# TASK DESCRIPTION
Transcribe, word for word and without additions, each line below from the one containing "NWT super cute summer top - Picture 3 of 3" through the one containing "Dziejba Lesna Apartamenty&spa - Domek 木屋 *", both ends included.

# INPUT DATA
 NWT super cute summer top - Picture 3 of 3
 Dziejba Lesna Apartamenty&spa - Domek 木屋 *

* * *

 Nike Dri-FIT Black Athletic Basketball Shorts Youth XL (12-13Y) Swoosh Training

# SOLVED PROBLEM
 NWT super cute summer top - Picture 3 of 3
 Dziejba Lesna Apartamenty&spa - Domek 木屋 *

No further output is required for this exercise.